At a personal level, I'll work to make it as far up the ranks as I can with good performances in representative cricket this season.”

Luke Fisher opens the batting for the GBHS first 11. In the first Doleman Cup game last season, he made 72 from 109 balls in Gisborne Boys' High School's 99-run win against Horouta. He loves cricket.

“I've always been interested in umpiring,” said Fisher, who first represented the Bay as a player at primary school level in 2016 and is highly regarded within the cricket community as a good citizen.

“Umpiring allows me to be a part of the game I love in a different way, and I've enjoyed being out there in really good games, watching good talent on display.”

He is a young umpire of promise, honest and open: “When I'm umpiring, I know I could take a little bit more time when making decisions; leg-before-wicket (lbw) can be hard to judge, because there are different factors to consider and you have only a split second to take all of those in.”

Perhaps the umpire Luke has most enjoyed standing with is former professional wrestler (“Dr Death”) Rod Newton, the last of Bay of Plenty's famously colourful crew (Bill Irvine, Nigel Stevens, Colin Russ and Barry Beaumont were the others).
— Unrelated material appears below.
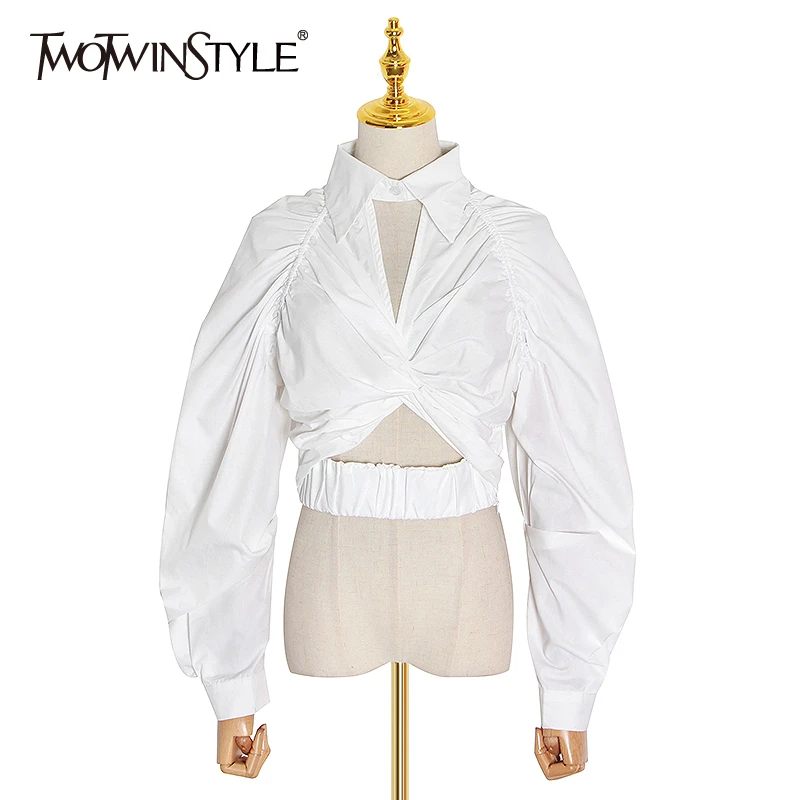 Женская блузка с рюшами TWOTWINSTYLE белая повседневная короткая отложным воротником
Trowill and his fellow Poverty Bay umpires — Stewart Patrick (Premier Grade), Gary Coutts, James Raroa and Martin Bennett (Senior B) have, in Horouta's Mel Knight and Clarence Campbell, two umpires still active in the game as players. Trowill and Patrick will this season wear kit courtesy of English supplier Loft Cricket, and support for the umpires is something Fisher — the youngest of them by 20 years — correctly puts down to numbers.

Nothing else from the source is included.